Following a dinner of EU foreign ministers yesterday (23 May), contradictory statements were made regarding Croatia's last few miles on the road to EU accession.
Only a few ministers spoke to the press following the discussions, which concluded without joint conclusions, the Croatian news agency HINA reported.
Mikulas Dzurinda, foreign minister of Slovakia, a country that strongly supports Croatia's accession, gave no clear answer when asked about Zagreb's chances of completing talks by the end of Hungary's EU presidency on 30 June.
He said he would personally "like that", but that Enlargement Commissioner Štefan Füle had just received a lot of new information from Zagreb which would take time to analyse.
"I am quite satisfied, as the discussion was open and constructive," Dzurinda was quoted as saying. "Everyone knows that meeting the criteria is crucial, and Commissioner Füle's report was quite optimistic, so I am confident that Croatia will cross the last metres of this long race."
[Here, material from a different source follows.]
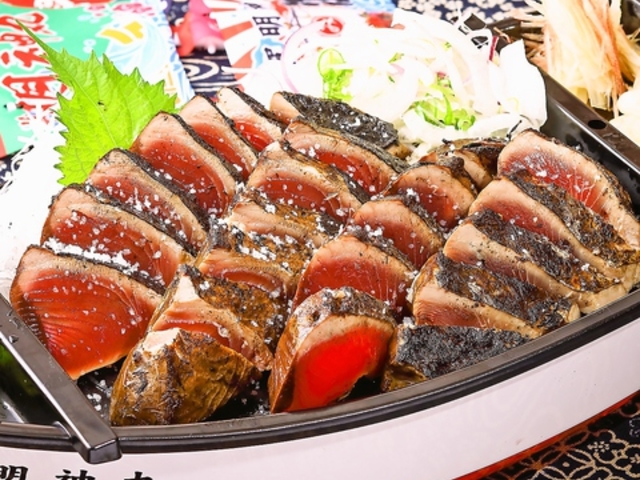 明神丸 梅野店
Regarding a possible accession date, Dzurinda said this was not the most important issue at the moment. The most important thing was to cross the final few metres, he said.
Monitoring mechanism could postpone accession
Dutch Foreign Minister Uri Rosenthal said his country advocated introducing "an additional mechanism" to monitor Croatia's commitments.
"We are waiting for the Commission to release in the coming weeks a solid progress report. I think it would be good to introduce a monitoring mechanism in the period between the completion of the negotiations and accession," Rosenthal was quoted as saying.
Commissioner Füle has so far opposed introducing a mechanism to monitor Croatia's compliance with EU rules after it has officially joined the bloc. A similar mechanism was imposed on Romania and Bulgaria when they joined in 2007.
This time, it looks that the mechanism, which is reportedly also favoured by France and the UK, would accompany the period between Croatia's final accession talks and its actual EU entry. According to recent experience, a two-year period elapses between such milestones.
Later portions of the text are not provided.